If you have been falsely accused of unapproved usage of AI tools, refute the claim calmly and politely. Attach this article along with your response and any evidence you have of your innocence. Keep in mind, your fate is in your teacher’s hands, so be very cautious and don’t levy accusations or blame against them.

Conclusion

As of September 28, 2024, St. John's still employs Turnitin, a nearly two-decade-old platform, for AI and plagiarism checking. However, it's hard to say that Turnitin's AI detector, which has been out for a fraction of that time, has undergone adequate testing, or that it keeps up with the rapid development and change in the LLM field. Until this system improves, teachers should re-evaluate their relationship with this technology, otherwise more innocent students will be caught in the crossfire in the war against AI.
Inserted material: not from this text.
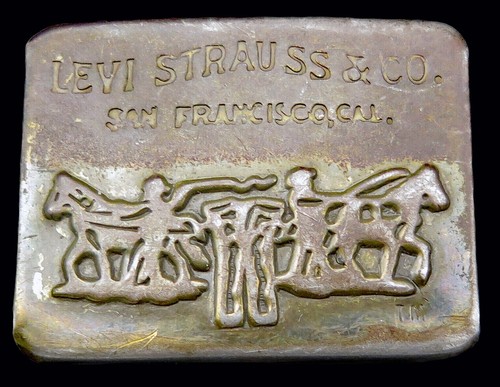 Levi strauss company san - company,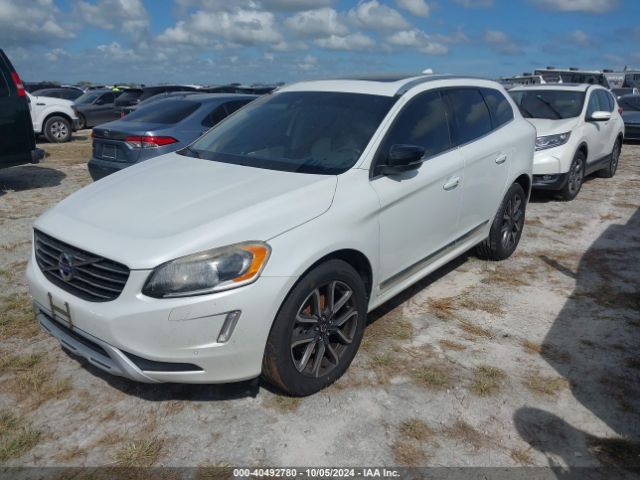 YV449MRR4H2042863 Volvo Xc60 T6 Dynamic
[1] - “For documents with over 20% of AI writing, our document false positive rate is less than 1% as further validated by a recent 800,000 pre-GPT document test.”
[2] - “Natural language processing (NLP) has significantly transformed in the last decade, especially in the field of language modeling. Large language models (LLMs) have achieved SOTA performances on natural language understanding (NLU) and natural language generation (NLG) tasks by learning language representation in self-supervised ways.”
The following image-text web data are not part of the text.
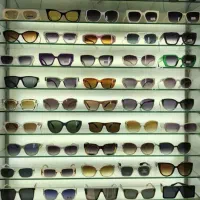 پخش عینک های خاص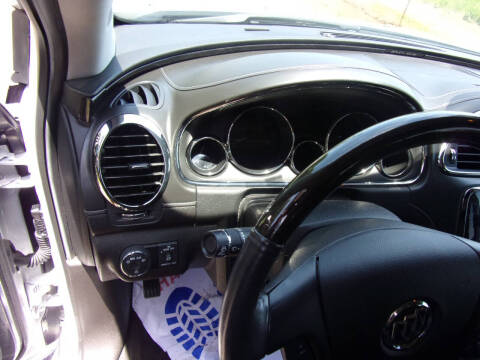 2017 Buick Enclave Premium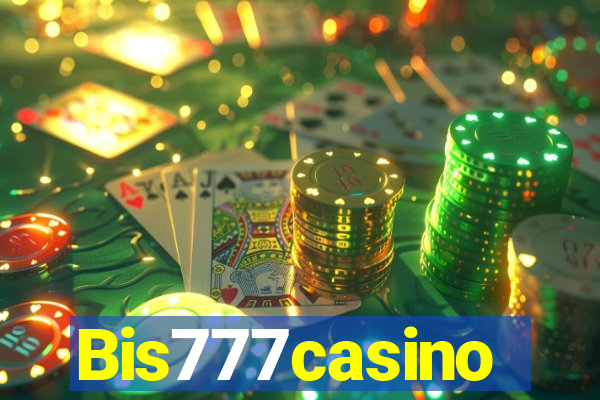 Bis777casino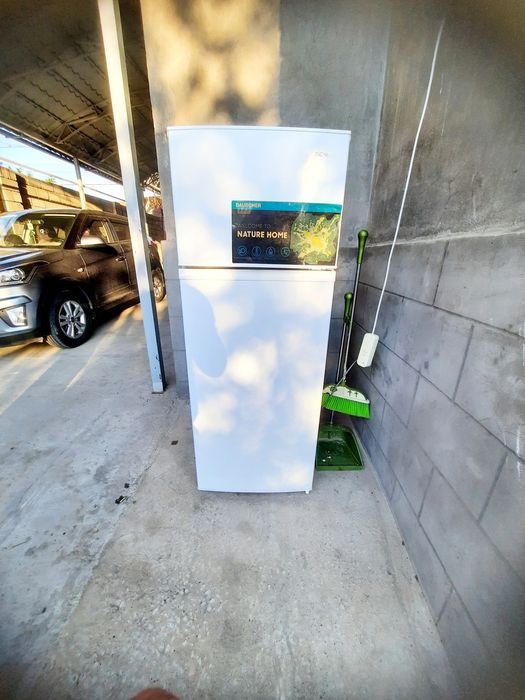 Холадильник сатылады (DAUSCHER)в идеальный состояние раз.1,45-ширина.0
[3] - “Turnitin correctly identified 23 of 30 samples in this category as being 100% AI generated, or 77%. Five samples were rated as partially (52-97%) AI-generated. Two samples were not able to be rated.”
[4] - “Turnitin correctly identified 28 of 30 samples in this category, or 93%. One sample was rated incorrectly as 11% AI-generated[8], and another sample was not able to be rated.”
[5] - “Determining the correctness of Turnitin’s scores on the hybrid texts proved to be a challenging exercise. Technically, since the texts were all partly human-written and partly AI-generated, a “correct” score could be considered to be any score between 1-99% (in other words, not 0% and not 100%.) By that metric, Turnitin correctly identified 13 of 30 hybrid texts as being neither fully human-written nor fully-AI generated, or 43%. Of the remaining texts, 6 were identified as 100% AI and 7 were identified as 100% human-written. One text was unable to be rated.”
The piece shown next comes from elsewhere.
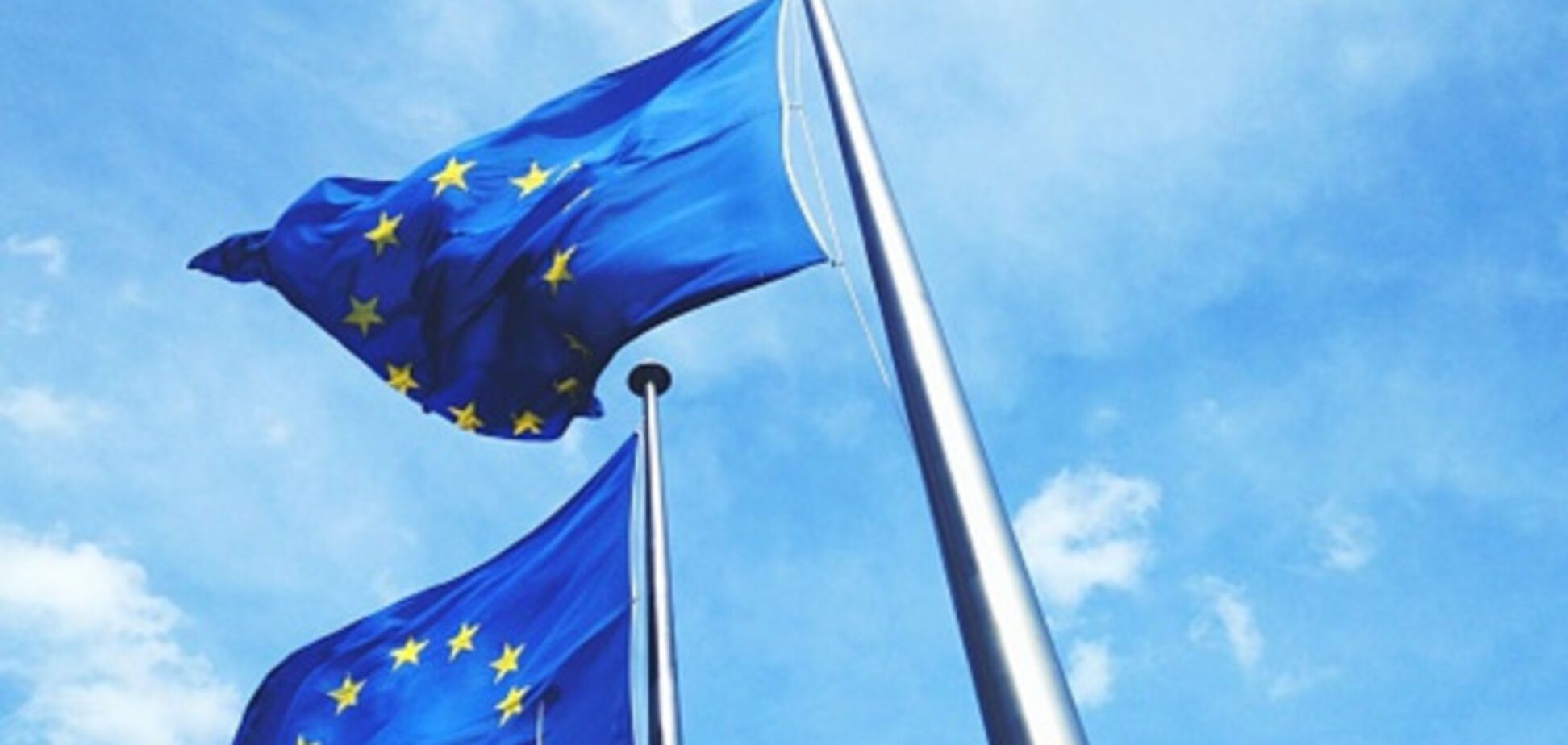 Флаг ЕС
[6] - “In particular, we develop a strong attack called recursive paraphrasing that can break recently proposed watermarking and retrieval-based detectors. Using perplexity score computation as well as conducting various MTurk human study, we observe that our recursive paraphrasing only degrades text quality slightly. We also show that adversaries can spoof these detectors to increase their type-I errors.”
[7] - “This study reveals a notable bias in GPT detectors against non-native English writers, as evidenced by the high misclassification rate of non-native-authored TOEFL essays, in stark contrast to the near zero misclassification rate of college essays, which are presumably authored by native speakers.”

[8] - Turnitin was acquired in 2019 for $1.57 million. They also acquired Ouriginal, a competing software company. They are not publicly traded, so while their exact revenue isn't available, their aquisitions demonstrate a high evaluation and seed funding.
[9] - “UC Davis student Louise Stivers became the victim of her college's attempts to root out essays and exams completed by chat bots.”
[10] - “When William Quarterman was accused of submitting an AI-generated midterm essay, he started having panic attacks. He says his professor should have handled the situation differently.”
[11] - “Policy demands that I refer essays with high AI detection scores for academic misconduct, something that can lead to steep penalties, including expulsion. But my standout student contested the referral, claiming university-approved support software they used for spelling and grammar included limited generative AI capabilities that had been mistaken for ChatGPT.”

[12] - “This list highlights schools that have either banned or discontinued the use of AI detection tools.”